Lean is a philosophy, a state of mind and a holistic approach to business, not a low-calorie diet. Lean businesses and organisations are offended by waste - they seek it out and destroy it. They compress production and delivery times, respond quicker to customer demand, and replenish stocks 'just-in-time', without building up unnecessary inventory ('just-in-case') or missing delivery slots ('just-too-late'). Lean is not mean, but it can be green. Lean thinking will cause you to question just about everything you do at work, from morning till night.

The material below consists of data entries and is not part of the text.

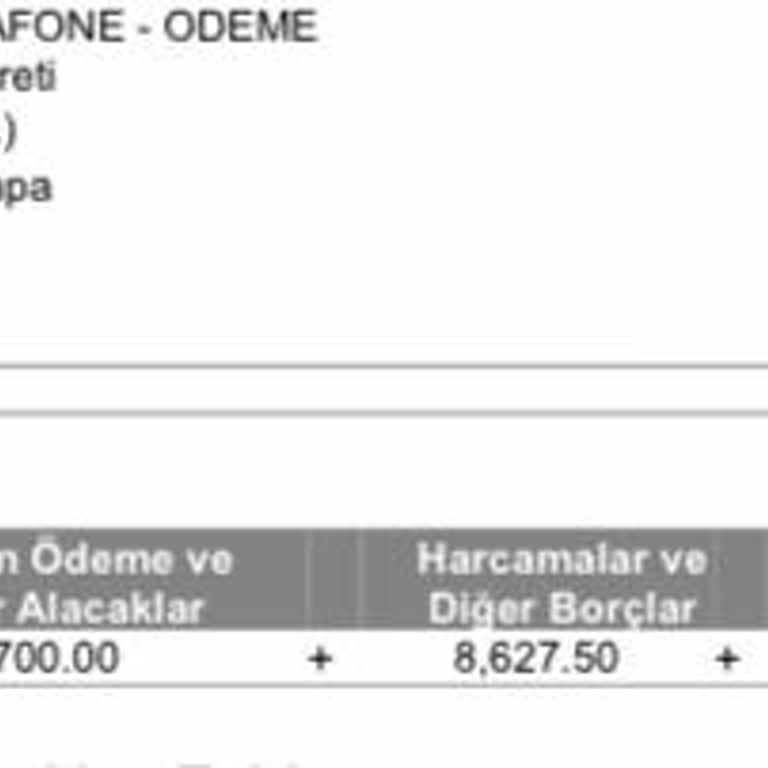 Satın Alınan Ürünün Faturası Teslim Edilmedi, Garanti Haklarım Engelleniyor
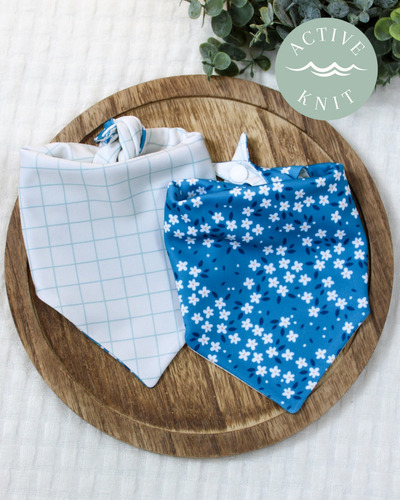 Blue Jean blooms- SALE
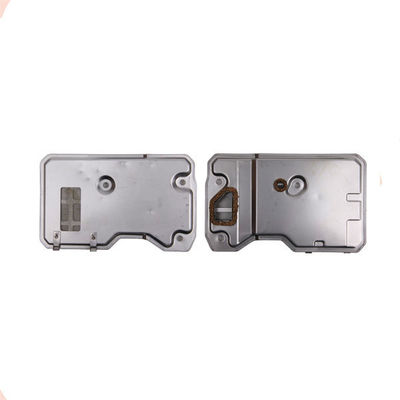 Toyota Auto Fitment Auto Getriebe Ölfilter 35330-30011 für Lexus 4 Runner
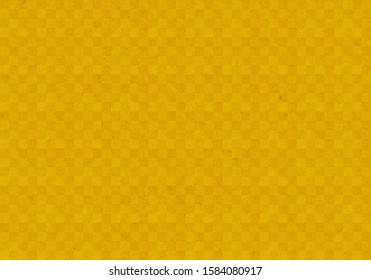 金 屏風 のイラスト素材 画像 ベクター画像 Shutterstock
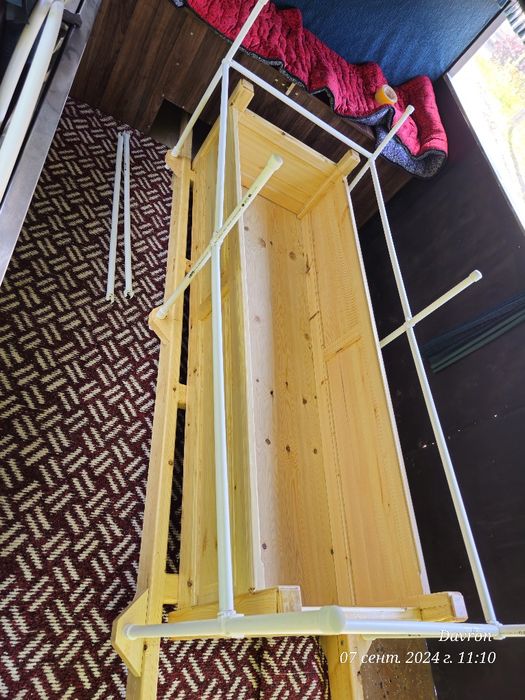 ДАФН Маросим хизматлари  DAFN marosim xizmatlari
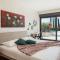 Villa Old Olive I by Interhome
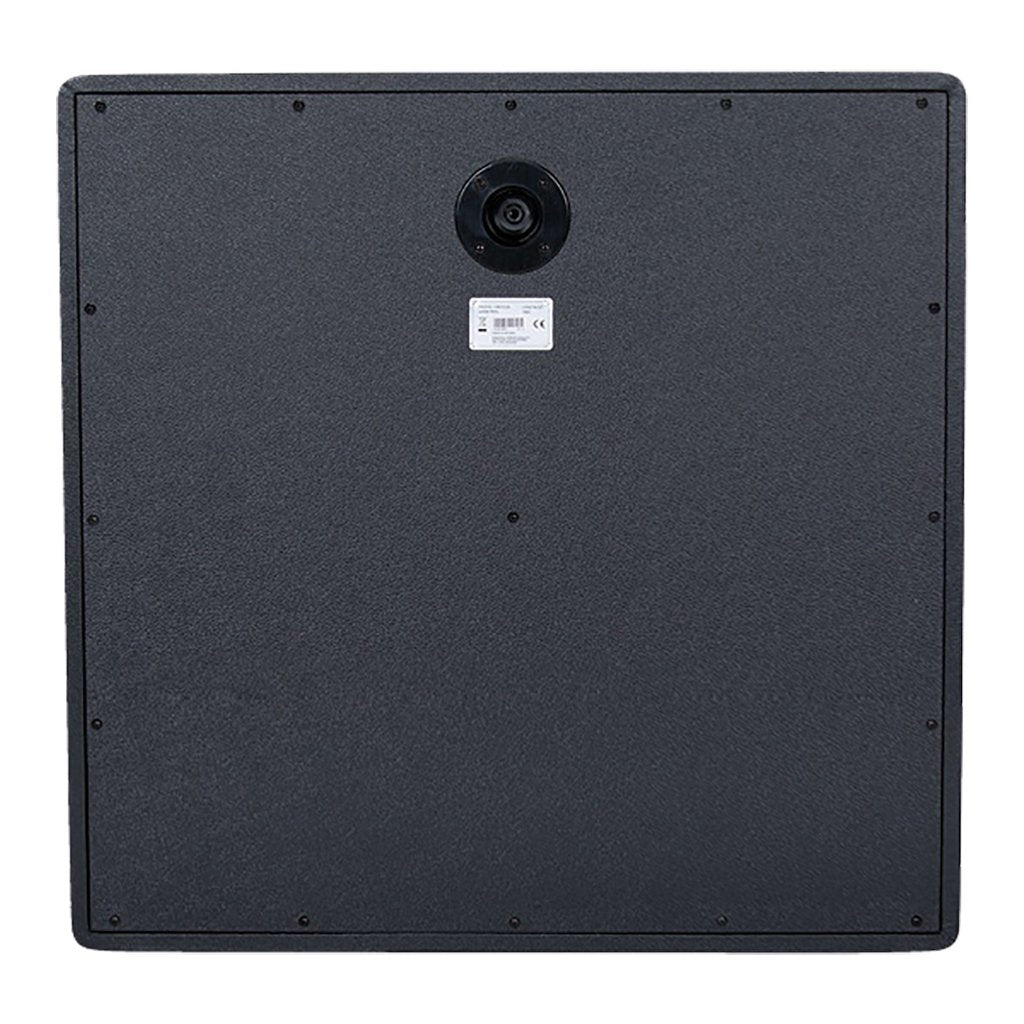 Marshall Origin 4 x 12 240w Speaker Cabinet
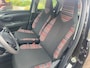 Citroën C1 1.0 VTi Urban Ride uit 2020 Rijklaar + 12 maanden Bovag-garantie Henk Jongen Auto's in Helmond,  al 50 jaar service zoals 't hoort!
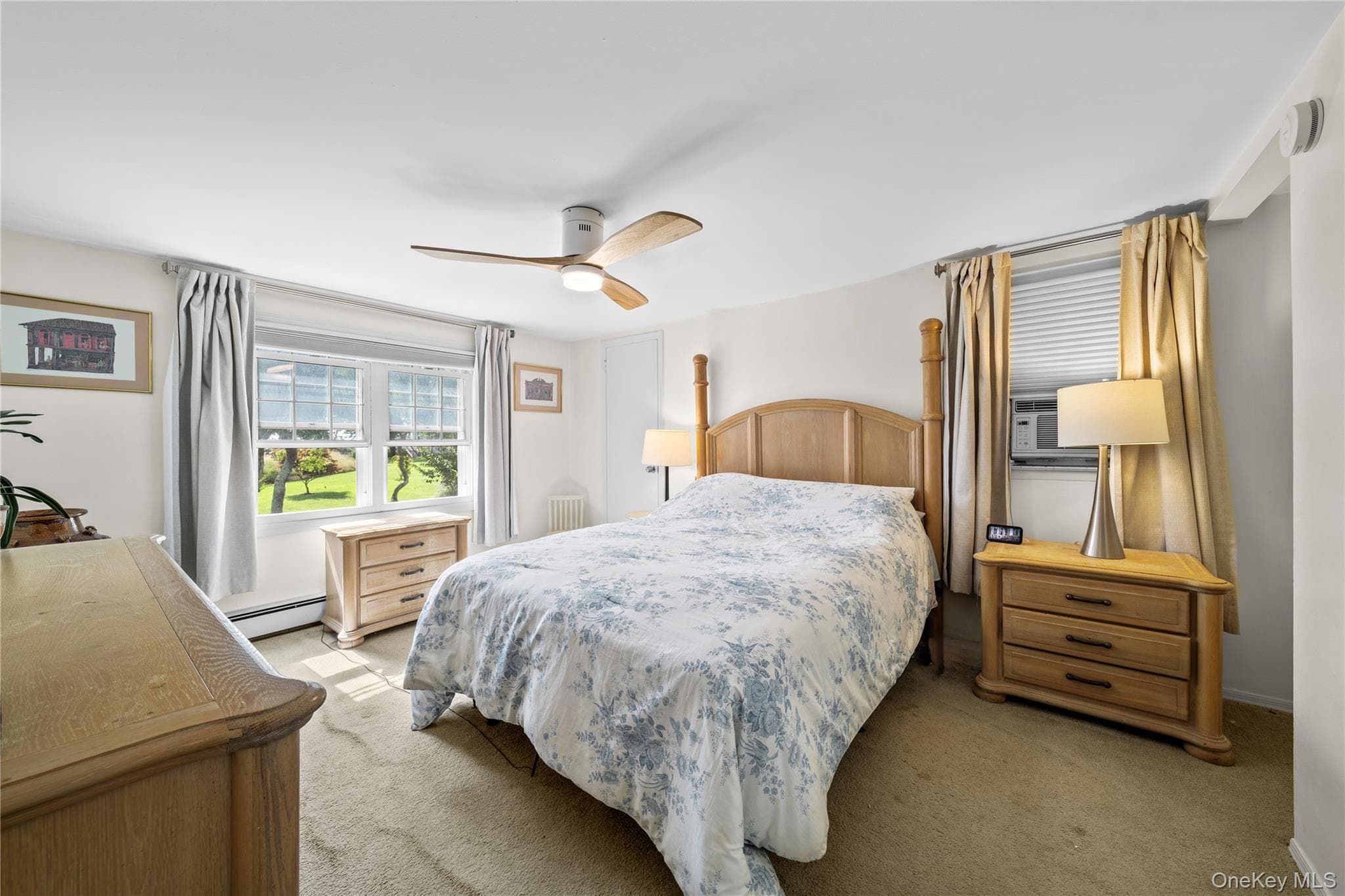 70 Middle Pond Road Unit: 22 thumbnail 21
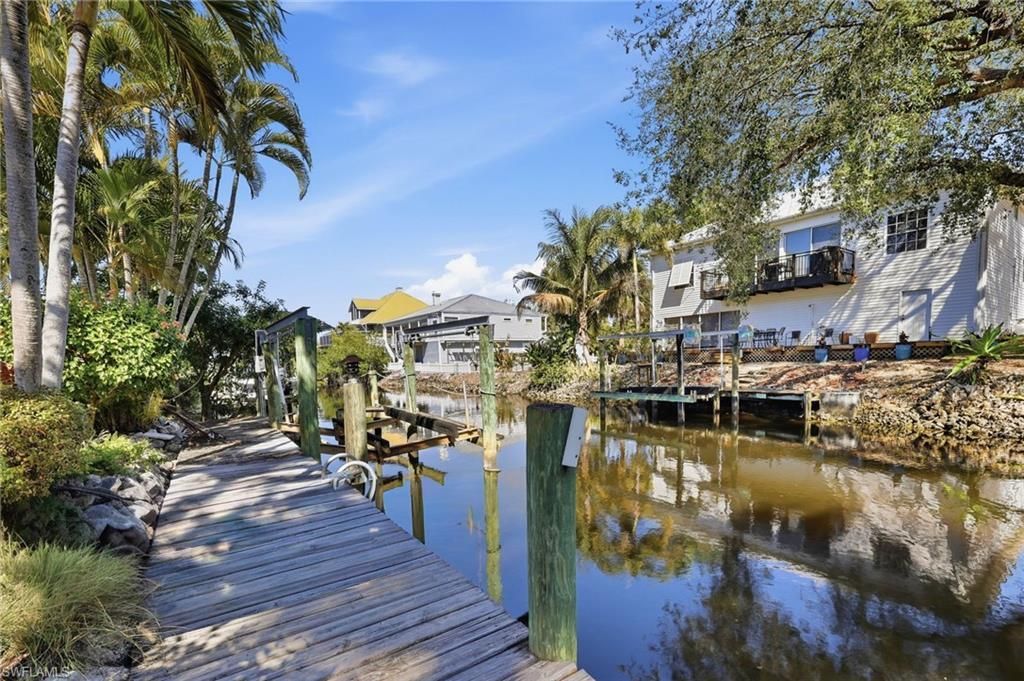 27242 High Seas Ln , Bonita Springs, FL 34135 Photo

Where did it come from? Lean is a US/Japanese co-production. After World War II, General MacArthur drew on quality guru W Edwards Deming to help rebuild Japanese industry. Deming's approach struck a chord with his hosts, and ironically the insights of the American were to help challenge US economic supremacy in the coming decades. Consultants James Womack and Dan Jones have spread the lean philosophy over the past 20 years. Their books on Toyota's lean production system helped define lean for a new business generation.
Where is it going? Womack and Jones have recently published Lean Solutions, a development of lean thinking that looks at the customer's preferred way of doing business, and tries to find lean ways of realising it. Tesco is a leading lean player, murdering flabbier competition through a decade-long commitment to lean practices. Toyota, of course, has been working at it even longer. Most car makers will simply never catch up. The impact on the industry of lean competition is still playing out. Ask the 30,000 GM workers whose Christmas was a lot leaner after their end-of-year sacking.
Fad quotient (out of 10) - Eight and rising.